Does Malaysia have to pay billions to Sulu heirs?

If Malaysia refuses to pay the award, it could be vulnerable to having its assets seized globally under the New York Convention which allows for the enforcement of arbitral awards.

(FMT) – News about the Malaysian government being instructed by a French arbitration court to pay at least RM62.59 billion (US$14.92 billion) to the descendants of the last Sulu sultan has created a buzz on social media.

The arbitrator, Gonzalo Stampa, ruled on Feb 28 that Malaysia violated the 1878 agreements between the old Sulu kingdom in the Philippines and a representative of the British North Borneo Company that used to administer what is now Sabah.

The arbitration process originated in Spain, but has now moved to Paris.

FMT takes a closer look into the issue and its consequences.

What is the dispute about?

The dispute itself concerns the 1878 Deed of Cession between the then sultan of Sulu, Sultan Jamal al Alam, and Baron de Overbeck, the then Maharaja of Sabah, and British North Borneo Company’s Alfred Dent.

Under the agreement, Jamal ceded sovereignty over large parts of Sabah – from the northwest coast and extending beyond the east coast as far as the Sibuco River in the South – to Dent and Overbeck.

In exchange Dent, Overbeck and their future heirs were to pay the heirs of the sultan 5,000 Mexican dollars annually.

In 1936, the last formally recognised sultan of Sulu, Jamalul Kiram II, died without heirs and payments temporarily ceased until North Borneo High Court chief justice Charles F Macaskie named nine court-appointed heirs in 1939.

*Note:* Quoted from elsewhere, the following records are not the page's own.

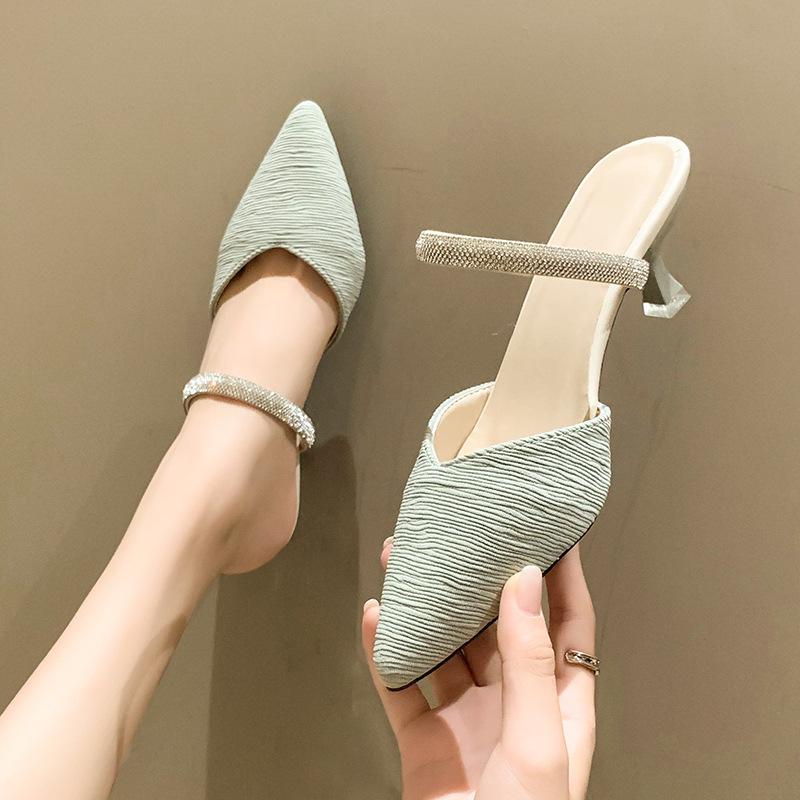 Rhinestone bag head sandals women's summer French V-mouth sandals pointed head thin heel large size half drag small size one-word strap high heels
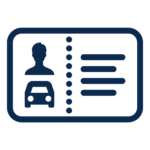 Icon shows an outline of a person, a car and writing.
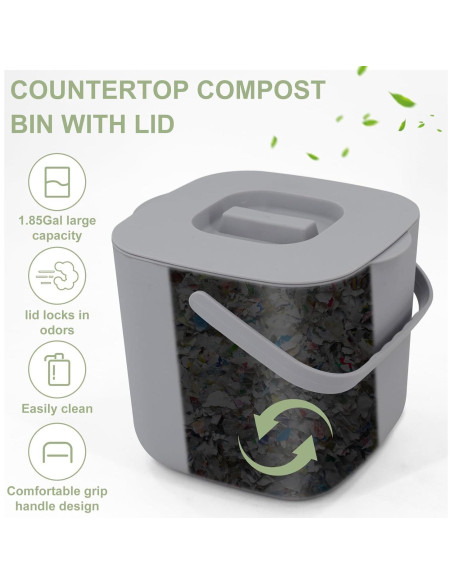 Bin de Compostaje de Cocina Jaderlu 7L Gris con Tapa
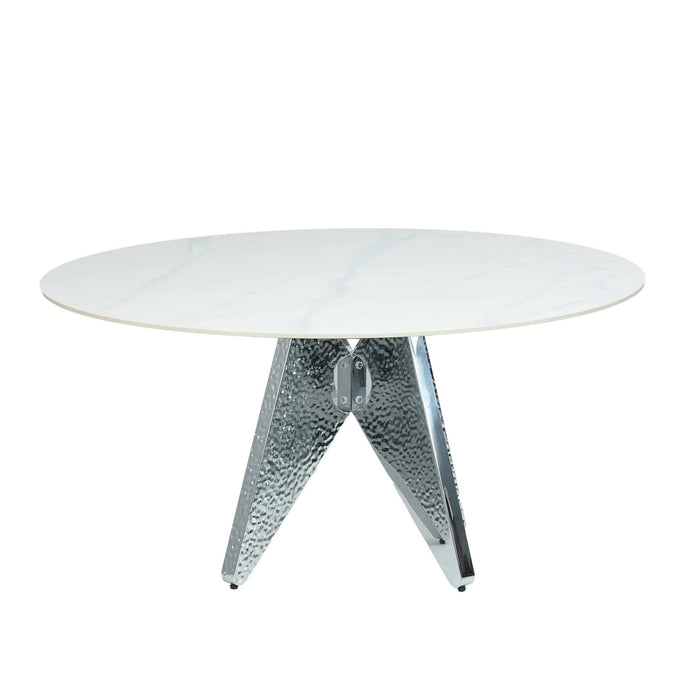 53' Round Marble Dining Table with Silver Stainless Steel Design Base, Artificial Marble for 6 People, 23.62'White Artificial Stone Turntable,White (Dining Table Only) Default -DTYStore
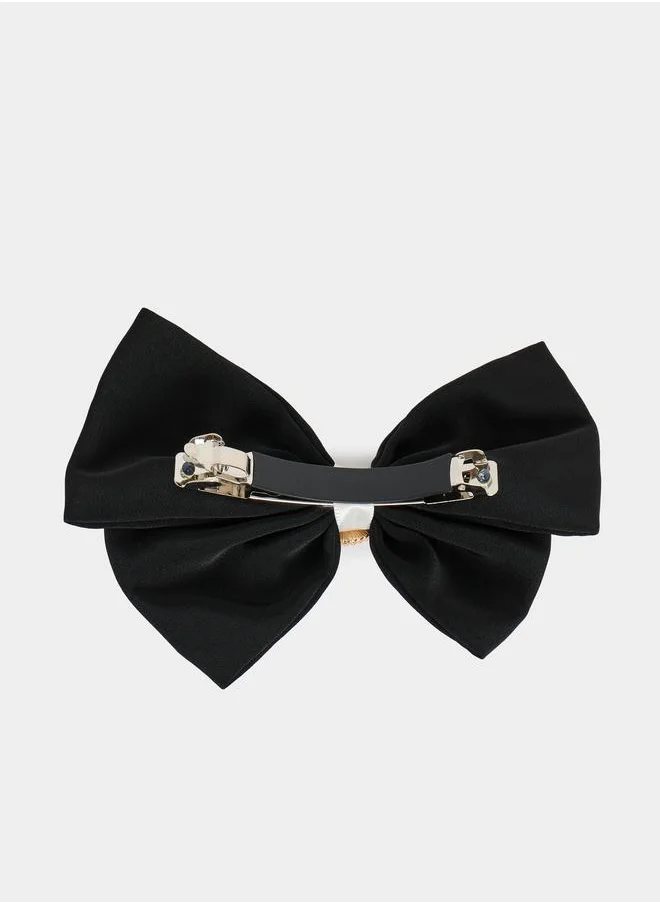 Styli Embellished Pearl Bow Hair Clip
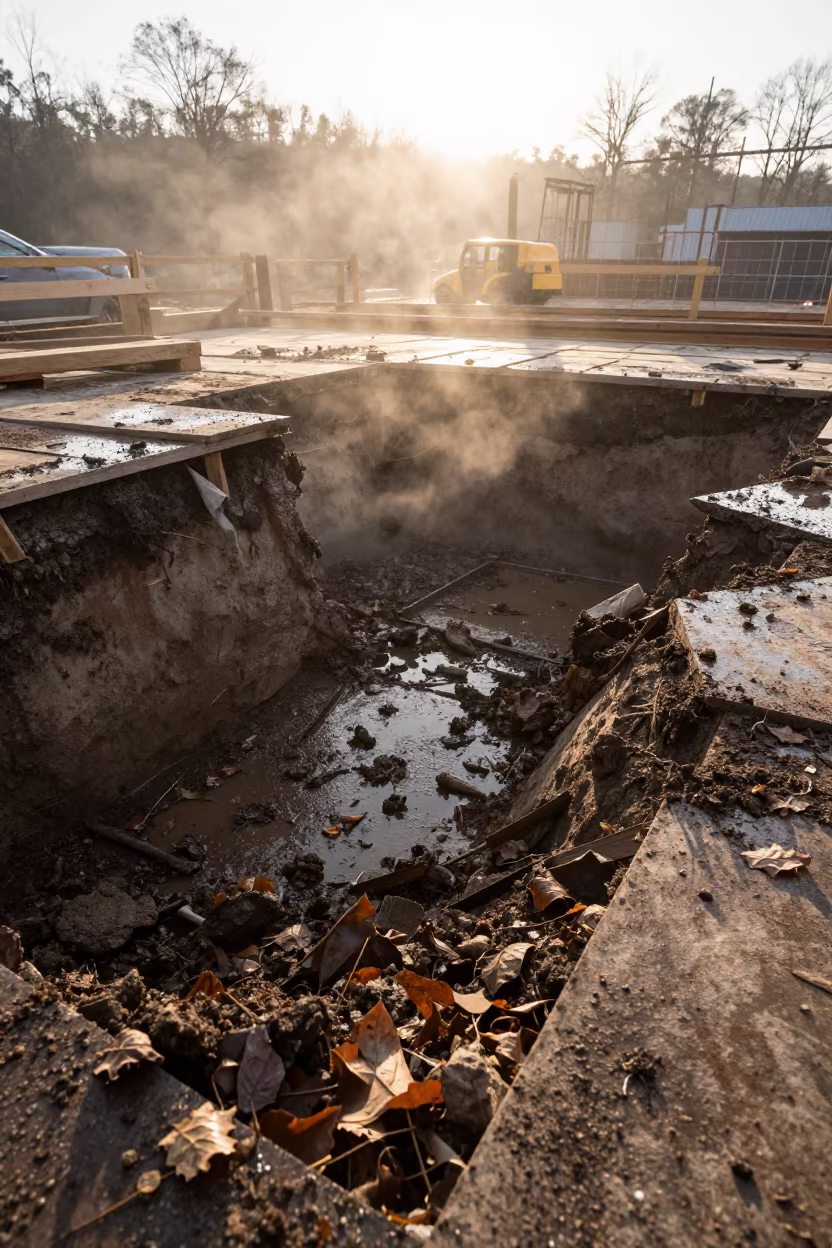 Construction Pit Morning Light Dust Tennessee in on an active construction deck in Tennessee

Payments to the heirs continued into modern times as Malaysia became the successor of the agreement following Sabah’s independence and the formation of the Federation of Malaysia in 1963.

But in 2013, after the Lahad Datu incursion, Malaysia stopped paying the sultan of Sulu’s heirs their annual compensation, which is equivalent to RM5,300.

For the record, in Tommy Thomas’ book “My Story: Justice in the Wilderness”, he said there was no evidence linking the Sulu descendants who were receiving the annual fees from Malaysia to the armed invaders into Lahad Datu.

A group of Sabahans, led by Keningau MP and STAR president Jeffrey Kitingan, lodging a police report against self-styled Sulu Sultan Mohd Akjan Ali in Kota Kinabalu in February 2020.

What is happening?

In 2017, attorneys for the heirs petitioned a Spanish court to provide an arbitrator. The heirs are represented by London-based lawyers Paul Cohen and Elisabeth Mason.

The basis of a Spanish claim over Sabah originates from the assertion that Spain at the time exercised direct sovereignty over the Sulu sultanate and all of its dependencies.

However, in 2020, Kota Kinabalu High Court judge Martin Idang said Malaysian courts, and not Spanish courts, should resolve disputes arising from the 1878 Deed of Cession.

He said this was because Spanish courts do not have authority or jurisdiction over Malaysia.

The arbitration case was originally heard in Madrid. A source familiar with the matter explained that although the Malaysian government was invited and informed, it chose not to engage with the arbitrator.

However, in 2021, Malaysia successfully argued that protocols for communication from the Spanish court to the government were incorrect. On this basis, the Madrid high court annulled Stampa’s original appointment.

While this point is being appealed, the French courts adopted the arbitration, which was announced on Feb 28.

Yesterday, Spanish news website La Información reported that arbitrator Gonzalo Stampa ruled that the 1878 treaty constituted a commercial “international private lease agreement” and as such was liable.


In his autobiography, Thomas admitted that Malaysia was in breach of the agreement when payments stopped in 2013.

Cohen told FMT that arbitration is about a contract dispute and not long-held grievances over sovereignty.

“This case is not about sovereignty. Malaysia has admitted to breaching its long-standing agreement with the Sulu heirs,” he said.

“Therefore, the question at issue is simply one of how to rebalance the payments now that the current value of the contract to Malaysia is worth an unconscionable three million times the original bargain.”

Meanwhile, a source in the know said if Malaysia refuses to pay the award, it could be vulnerable to having its assets seized globally under the New York Convention which allows for the enforcement of arbitral awards.

“This could lead to an extended campaign of court-authorised seizures around the world,” said the source.